For every positive adoption story, there is an equally tragic one. It’s true. We can’t hide from it; we can’t push it under the rug. There are hurt feelings, broken hearts, and painful memories. Whether we are adopted or not, children all need roots. We all need something to anchor us in an unsure, scary world. What happens when the very people who are meant to love and protect you, turn on you? Where do you go, and who do you run to?
We can’t pretend that every adoption is a fairytale, because it is not. Adopted children are not spared from dysfunction or abuse, but they are expected to feel gratitude towards the very people who are abusing them. By listening to the stories of others, we start important discussions. We validate the experiences of others in hopes that it raises awareness and puts an end to abusive parenting, no matter the situation. I invited Renee to read my blog to see if she was interested in contributing, and the following is her response to my story to the About section. In her own words, Renee explains to me her adoption experience:
The underlying assumptions (myths) that adoption is inherently positive and that adoptees’ lives are improved by adoption are my biggest problem with the whole adoption and gratitude trope.
Perhaps your life did improve via adoption. Perhaps you were “rescued.” I have no idea whether that’s true or not, and neither do you, of course, because you’ll never know who you would have become if you’d grown up with your kin–or a different adoptive family, for that matter. But even if adoption was beautiful for you, it was not for me and many, MANY other adoptees I know.
I was a pretty, healthy, active infant. When my mother relinquished me, there were lists and lists and more lists of hopeful adopters waiting to score a baby. My adoptive parents ended up with me because of timing. No other reason. They just happened to be at the top of a list of married couples willing to write a fat check for a newborn. If they hadn’t adopted me, another couple would have. They were lined up around the block. That’s reality.
Also reality: I was never in any danger from my natural mom. She was never unfit or incapable. She was (and is) a bright, charming, especially successful woman who probably would have made a wonderful mom if she’d been given the chance. She was not an incubator, cooking up a child for my poor, infertile adoptive parents. I didn’t grow in the wrong woman. No child does. And I think that’s an awful thing to tell a person.

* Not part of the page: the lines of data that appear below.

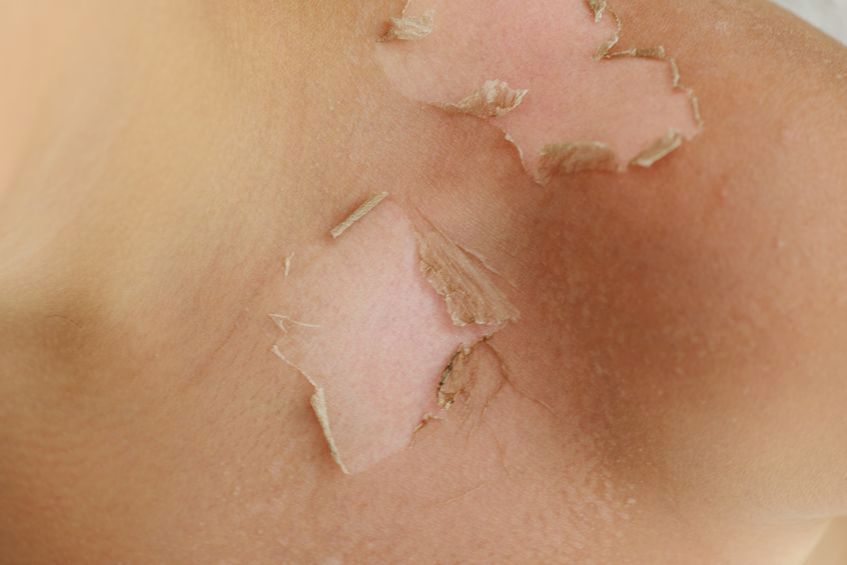 Profilaktyka czerniaka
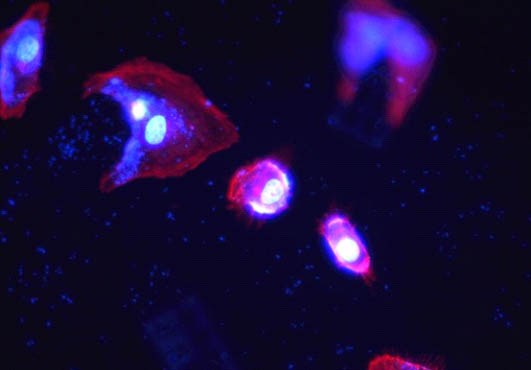 活细胞成像用什么显微镜好？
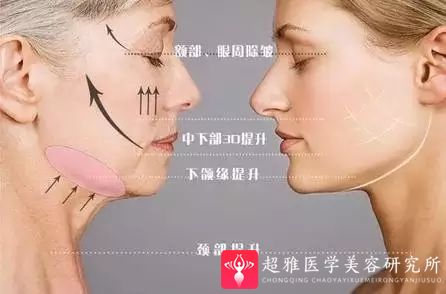 面部提升术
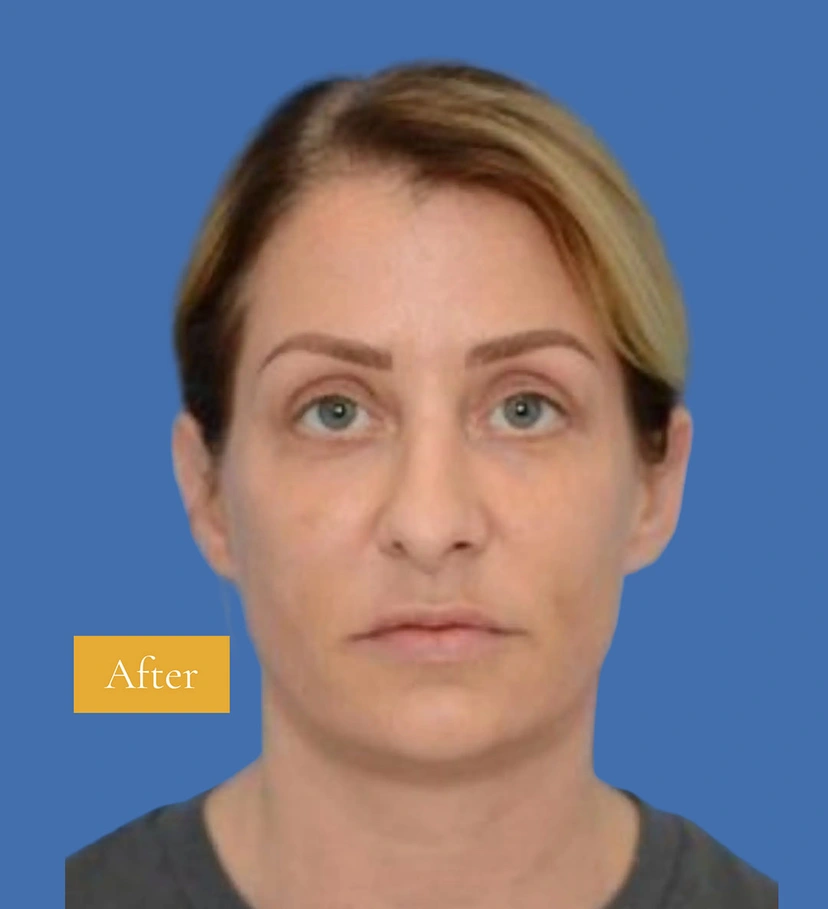 Lower Eyelid Surgery - Patient 2 (front view after)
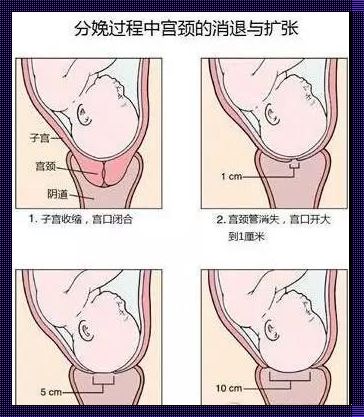 二十八周引产：无痛分娩，温暖相伴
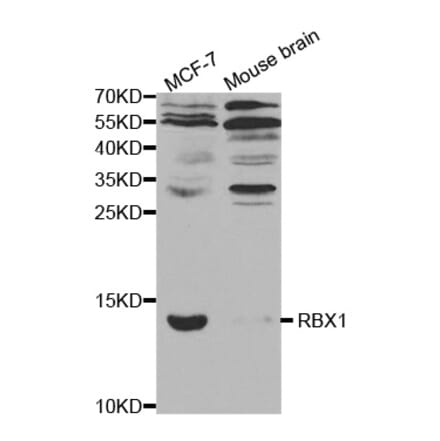 Western blot - RBX1 antibody from Signalway Antibody (38307) - Antibodies.com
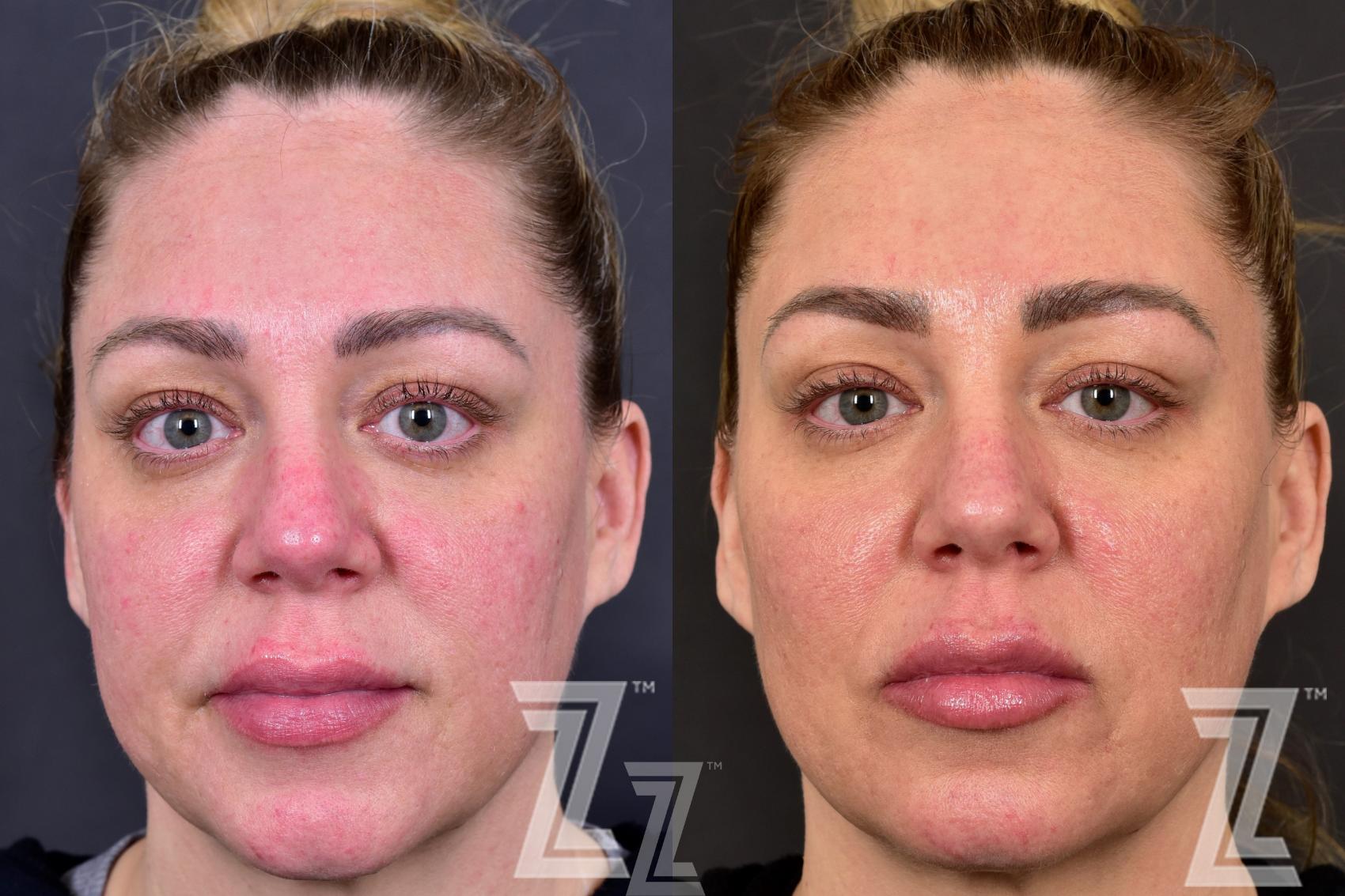 BBL Before & After Photo | Austin, TX | The Piazza Center for Plastic Surgery & Advanced Skin Care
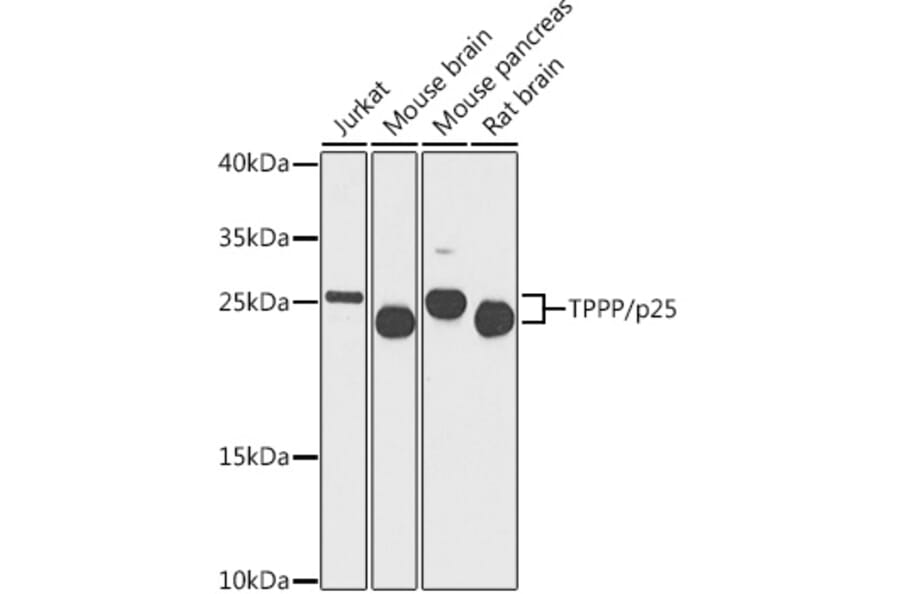 Western Blot - Anti-TPPP Antibody (A16238) - Antibodies.com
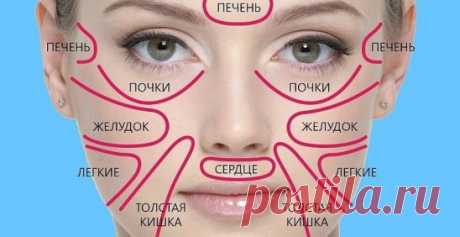 Благодаря этой китайской схеме узнала о своей болезни раньше врачей! 
 
Говорят, что глаза — зеркало души. Как глаза отражают внутренний мир, так кожа отражает состояние здоровья человека. Китайские медики считают, что каждый участок кожи связан с определенным органом. Таким образом разные высыпания, прыщи и изменение цвета кожи могут быть тревожными сигналами, которые подает наш организм.
Разоб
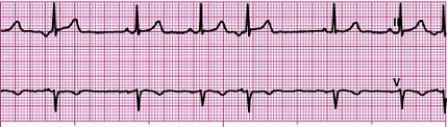 Identify the following rhythm: ____________________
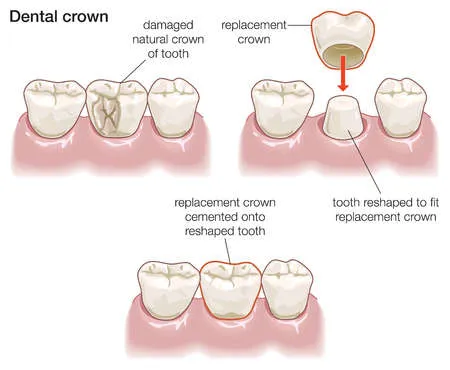 Porcelain crown treatment diagram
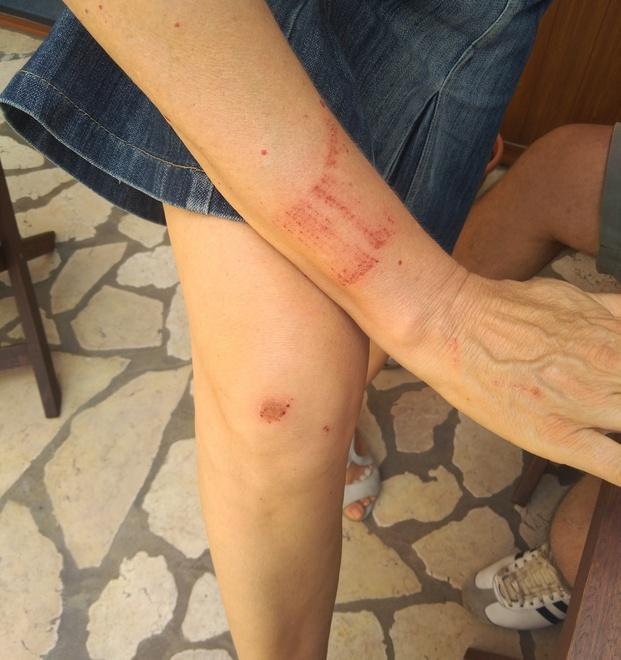 Ferrara, fotografa i fiori di casa e lo spacciatore l’aggredisce: «Tu non mi fai le foto» 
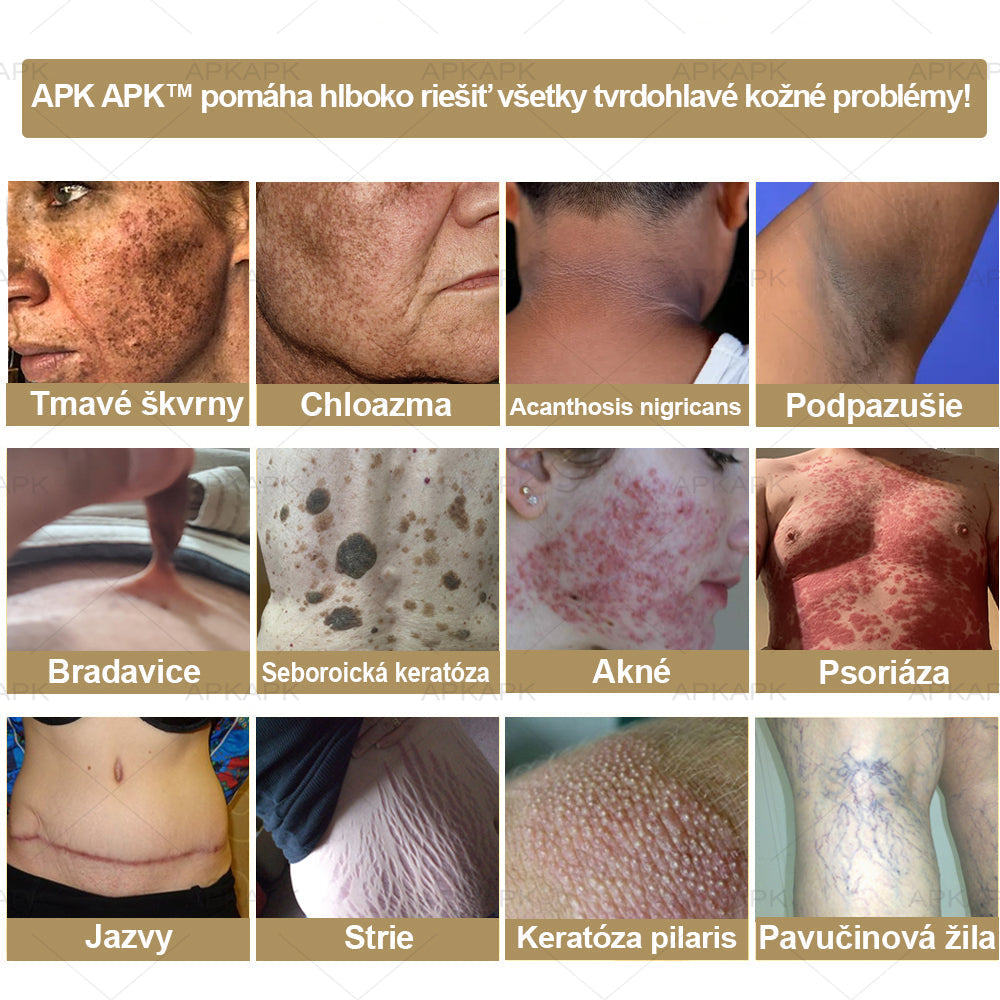 𝐀𝐏𝐊𝐀𝐏𝐊® 𝐕Š𝐄𝐓𝐊𝐎 𝐕 𝐉𝐄𝐃𝐍𝐎𝐌 𝐊𝐫é𝐦 𝐧𝐚 𝐨š𝐞𝐭𝐫𝐞𝐧𝐢𝐞 𝐩𝐨𝐤𝐨ž𝐤𝐲(❄ Nový zimný predaj | ❄ Až do 70% vypnuté)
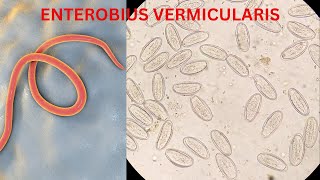 PINWORM biology educationalvideos informationalvideo worms subscribehealthylivingmicrobiology [upl. by Ariay]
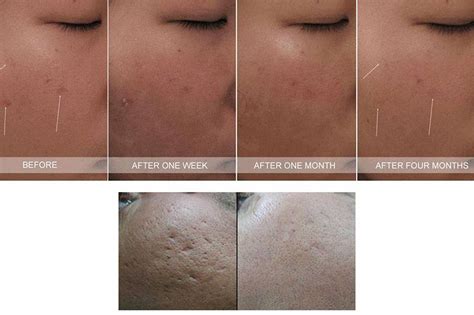 [misc] As promised, an update of 8 weeks post 2nd tca cross.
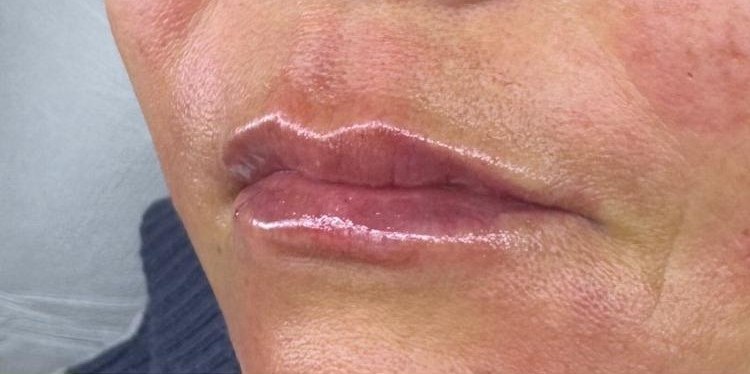 Hidratación Profunda Labios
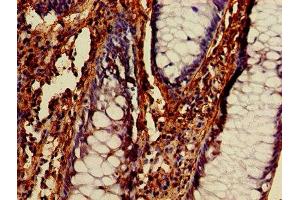 IHC image of ABIN7145343 diluted at 1:400 and staining in paraffin-embedded human colon cancer performed on a Leica BondTM system.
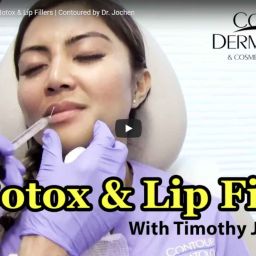 Contour Nurse Practitioner Xarlyn gets her first Lip Filler and Botox from Top Doctor Timothy Jochen.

Bottom line: If God does intend all children as gifts, He clearly has indicated by nature where He wants each child to be.
And for the record, not every child ends up with a life that warrants gratitude. Neither my older brother (also adopted) nor I deserved the life of physical and emotional abuse we endured at the hands of our adoptive parents. We didn’t deserve to be neglected, we didn’t deserve to be terrorized, and we didn’t deserve to be beaten within an inch of our lives on an almost daily basis. No child deserves that. But loads of adoptees live it. I know just as many adoptees who were abused by their adopters as adoptees who weren’t. And we’re not grateful. Nor should we be.